Specifically, Zeller acknowledged that CTP does not yet know the extent to which e-cigarettes are harmful, and thus the agency needs to get a better handle of the product’s toxicity and its actual impact on public health. He added that he does not yet know if e-cigarettes are more likely to help current smokers transition away from tobacco use, or if they are more likely to encourage non-smokers to begin using tobacco.
The FDA and the CTP are responsible for implementing the Family Smoking Prevention and Tobacco Control Act, which was enacted in June 2009. The law gives the FDA broad authority to regulate the retail sale of tobacco products, as well as the manufacture and marketing of such products. The law initially granted FDA jurisdiction over cigarettes, roll-your-own tobacco and smokeless tobacco products; in April 2014, the FDA proposed extending its authority to cover additional products such as e-cigarettes, cigars and hookah tobacco.

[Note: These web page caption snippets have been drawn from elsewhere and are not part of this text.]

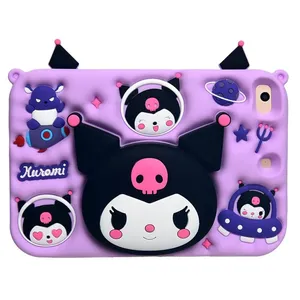 کاور طرح kuromi کد 410 مناسب برای تبلت شیائومی Redmi Pad 2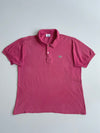 Lacoste Raspberry Pink Classic Piqué Polo T-Shirt –(XL)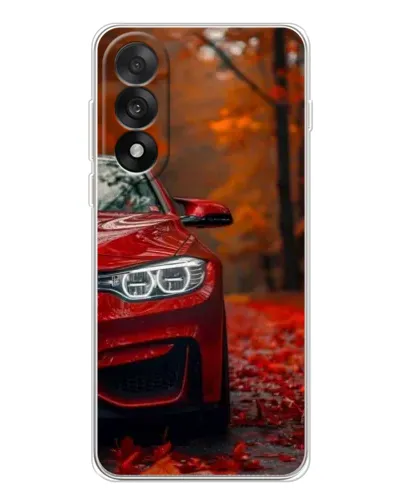 Чехол для OnePlus Nord 5 с картинкой «Осенняя BMW M4»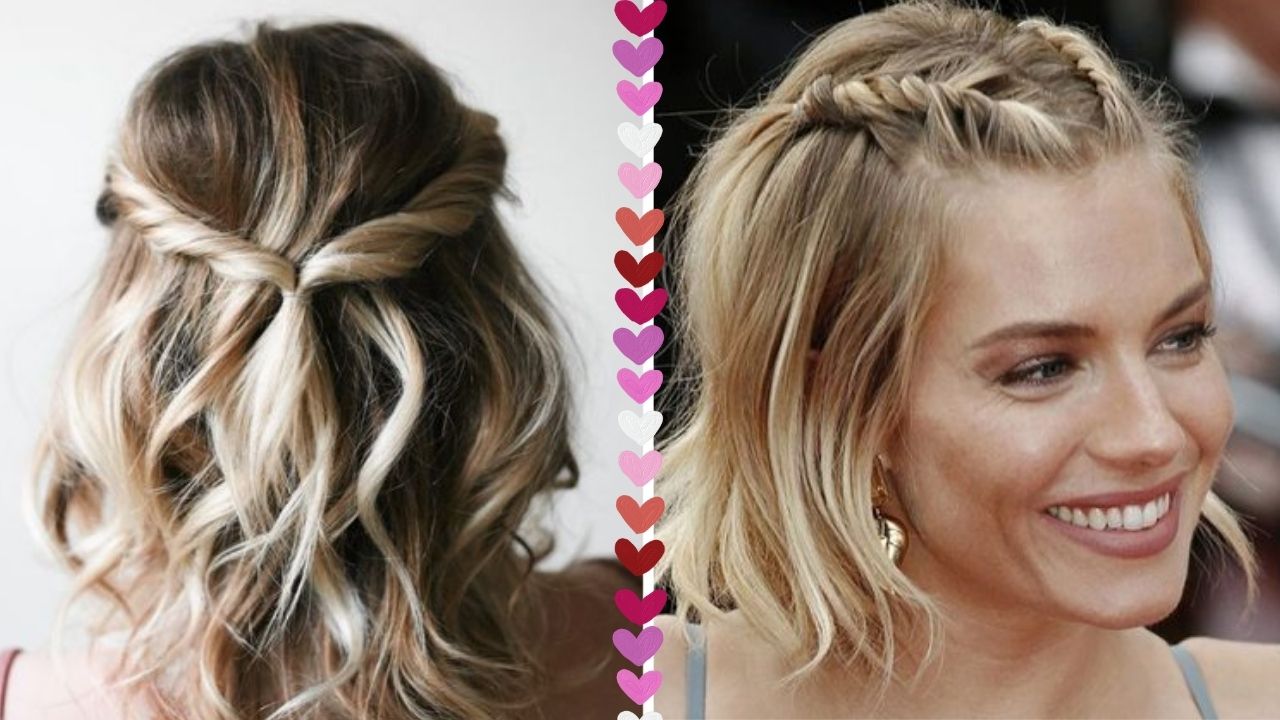 como arrumar cabelo curto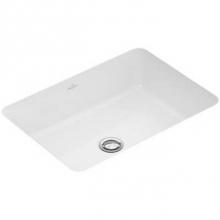 Villeroy and Boch 4A39U501 - Architectura Undercounter sink ID 19 1/2'' x 13 3/4''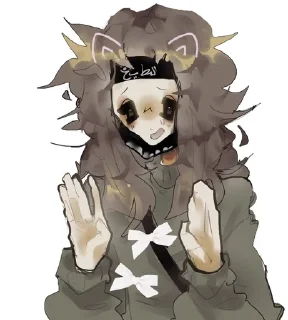 🙌 emoji @amai_666 любим4а т5ррорист4а^ Telegram sticker 20 of 20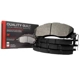 Purchase Top-Quality QUALITY-BUILT - 1002-1304M - Rear Disc Brake Pad Set pa1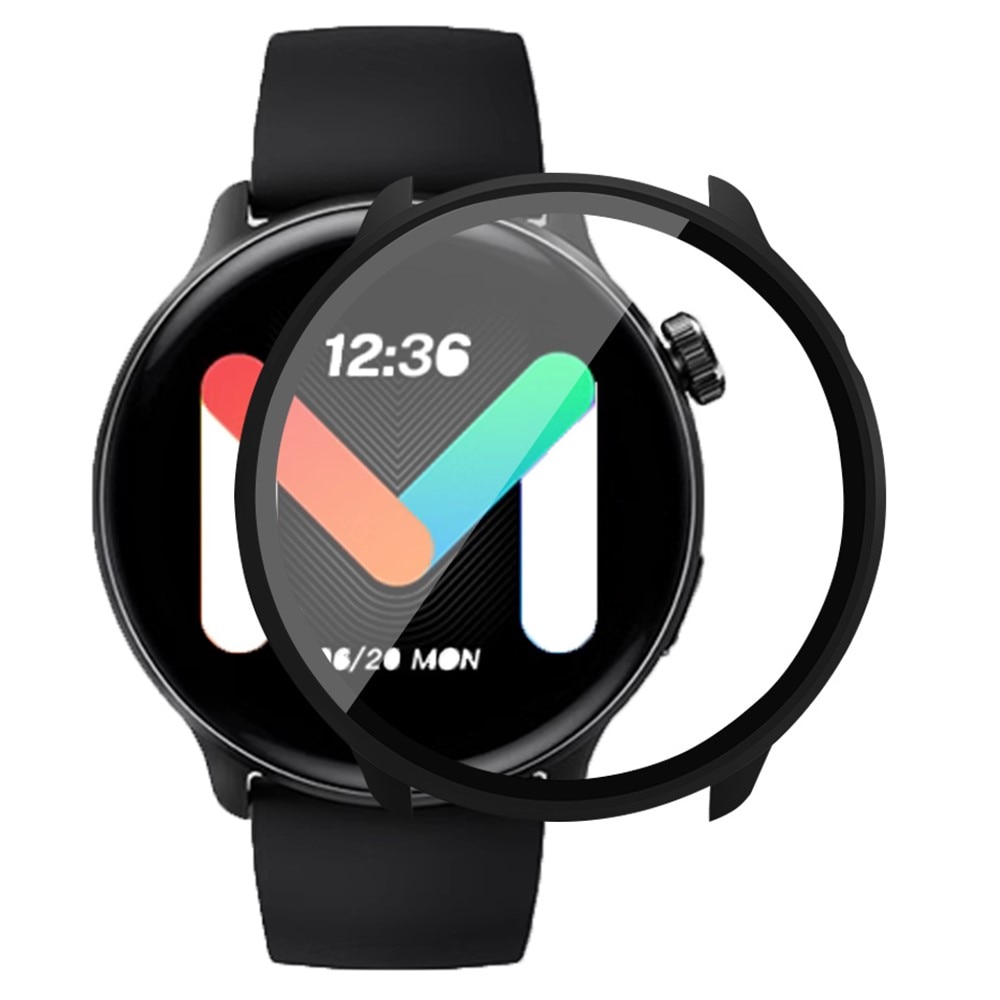 Full Cover CaseMibro Watch Lite 2, Noir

In his remarks yesterday, Zeller noted that up to this point, much of his time has been devoted to issues concerning the April 2014 proposed rule and potential future regulations governing menthol cigarettes, as well as implementing restrictions on the retail sale of tobacco products (such as minimum age requirements). Moving forward, Zeller said the Center will continue developing foundational rules and guidance for these matters, while also building CTP to achieve programmatic goals, including improving its external communications and human resources, IT acquisitions and policy analysis efforts.
From a policy perspective, Zeller views CTP’s ability to develop product standards as one of its most powerful tools, and CTP plans on using this authority in the future. Zeller wants to advance a product strategy that will “yield strong standards to improve public health and that can withstand legal challenge,” he said, adding that CTP is exploring potential standards for addictiveness, toxicity and appeal. Regarding nicotine, CTP is working on an integrated, FDA-wide policy on nicotine-containing products that is public-health based. “The reality [is] that people smoke for the nicotine but die from the tar,” Zeller said.